In 1505, Portuguese explorers discovered the island of Mauritius and the 50 pounds flightless dodos which supplemented their food stores. Imported pigs, monkeys and rats fed on the dodo's eggs in their ground nests. The last dodo was killed in 1681.
The Tasmanian wolf is not a wolf, but a carnivorous marsupial and a relative of wombats and kangaroos. It even has a pouch. Tasmanian officials promoting ranching paid bounties to hunters. Believed to be extinct for well over half a century, unconfirmed reported sightings persist.
The cave bear lived in Europe during the Pleistocene (1.8 million years ago to 11,000 years ago) from 500,000 years ago until 10,000 years ago. Their remains have been found in caves where they lived and early humans left their drawings on cave walls. When upright, they stood 12 feet tall.
Saber tooth tiger
Saber tooth tigers lived in Europe and North America. They were fast runners for short distances and probably ambushed their prey in packs. The hoplophoneus species lived 20 million years ago. The smilodon species lived during the Pleistocene from 1.6 million years ago to 10,000 years ago when it became extinct.

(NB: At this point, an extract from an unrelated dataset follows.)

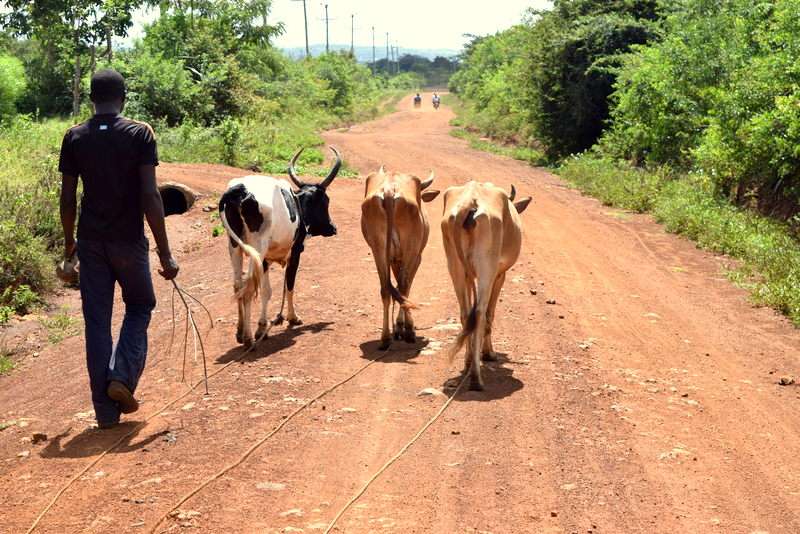 Humans, livestock in Kenya linked in sickness and in health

Herds of the giant Irish deer lived in Europe and Ireland during the late Pleistocene until about 10,000 or 11,000 years ago. It stood six feet high at its shoulders, the size of moose, and its broad antlers spanned 10 feet.
A recently extinct species, Bachman's warblers nested in the underbrush of forested swamps in the region bounded by Louisiana up to Kentucky and Maryland, and over to the Carolinas and Georgia, migrating to Cuba in winters. None have been seen since the early 1960s in North America and they were listed as endangered in 1967.
Once abundant, this extinct species nested in large colonies in the cypress swamps in the South Atlantic and Gulf States. They migrated up the Mississippi, and Missouri Rivers to the Platte and regularly to Ohio, Indiana, Illinois, Iowa, Wisconsin and Nebraska, and in the east to Pennsylvania. Hunted for their feathers and slaughtered as pests, the last reported sighting in the wild was a small flock in Florida in 1920.
Wonderfully prolific, the passenger pigeon had the vast forests of the North as its breeding grounds, and travelled hundreds of miles in search of food. It was once thought that no ordinary destruction can lessen them. One of the most noted of extinct animals, passenger pigeons were reduced from numbers in the hundreds of millions for food.
Giant kangaroos and wombats as large as modern rhinos once lived in Australia.
The extinct bird, Phororhacos lived in South America during the Miocene and stood eight feet tall. Imagine running away from this carnivore!